What is nf-core?

nf-core is a community effort to collect a curated set of analysis pipelines built using Nextflow.

nf-core has three target audiences: facilities, single users, and developers. For facilities, it provides highly automated and optimised pipelines that guarantee reproducibility of results for their users. Single users profit from portable, documented, and easy-to-use workflows. However, you can also become a developer and write your own pipelines in Nextflow using ready-made templates and helper tools.

What is Nextflow?

Nextflow is a workflow manager. It has been developed specifically to ease the creation and execution of bioinformatics pipelines. The benefits of having your pipeline in Nextflow include:

  • Built-in GitHub support.
  • Compatibility with virtually all computational infrastructures, including all major cluster job schedulers.
  • Integrated software dependency management (Docker, Singularity, Conda).
  • Portability to run your pipelines anywhere: laptop, cluster, or cloud.
  • Reproducibility of analyses independent of time and computing platform.
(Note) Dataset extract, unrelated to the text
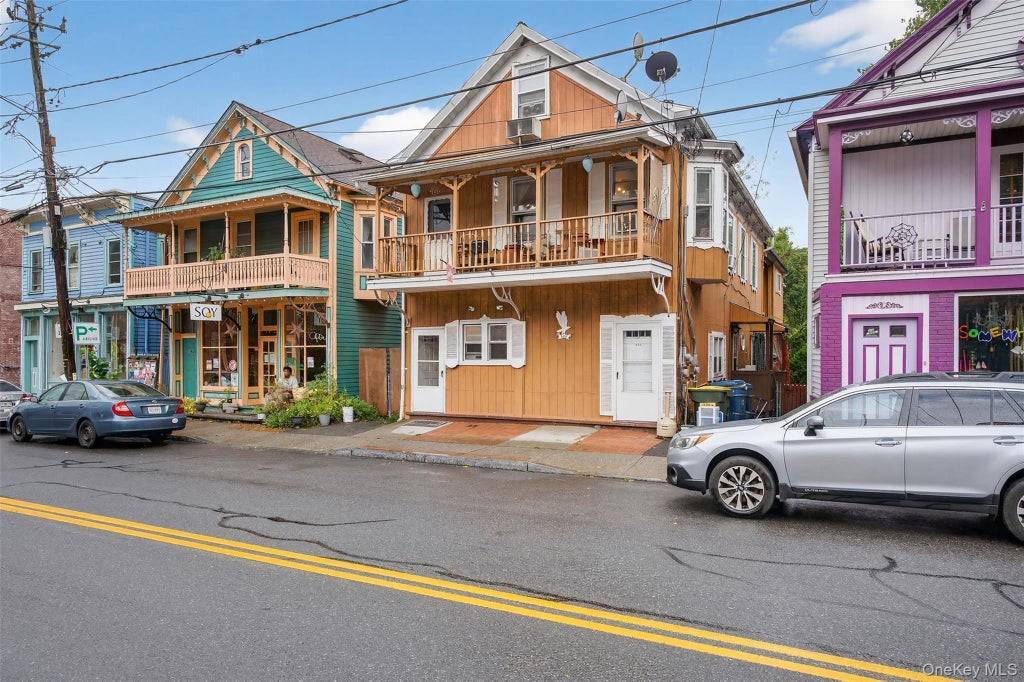 423 Main Street, Rosendale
Whether your pipeline is a simple BLAST execution or a complex genome annotation pipeline, you can build it with Nextflow.

How to run a pipeline

Nextflow works best when you have an active internet connection, as it is able to fetch all pipeline requirements. However, if you need to run offline, see Running offline.

  1. First, make sure that you have all software dependencies installed (Nextflow + Docker / Singularity / Conda). See the installation docs for more information.

    • Try running the Nextflow “hello world” example to make sure that the tools are working properly:

      nextflow run hello
  2. Choose a pipeline to run. See the available pipelines at https://nf-co.re/pipelines. If you have https://nf-core/tools installed, run nf-core list.

  3. Configure Nextflow to run on your system.

    • The simplest way to run is with -profile docker (or singularity) which instructs Nextflow to execute jobs locally using Docker to fulfill the software dependencies.

    • Conda is also supported with -profile conda. However, this option is not recommended, as reproducibility of results can’t be guaranteed without containerization.

    • If you are a member of one of the institutions listed in the documentation, please use the custom config file nf-core/configs/conf that has been created for your institution.

    • For advanced Nextflow configuration options, see Nextflow configuration.

  4. To test that everything is working properly, try running the tests for your pipeline of interest in the terminal:

    nextflow run nf-core/<pipeline_name> -profile test,docker --outdir <OUTDIR>
    • Replace <pipeline_name> with the name of an nf-core pipeline.

    • If you don’t have Docker installed, replace docker in the command with either singularity or conda.

    • There is no need to download anything first — nextflow will pull the code from the GitHub repository and fetch the software requirements automatically.

    • If the pipeline fails, check the troubleshooting docs and ask for help on the nf-core Slack channel for that particular pipeline (see https://nf-co.re/join).

  5. Read the pipeline documentation to see which command-line parameters are required. These will be specific to your data type and usage.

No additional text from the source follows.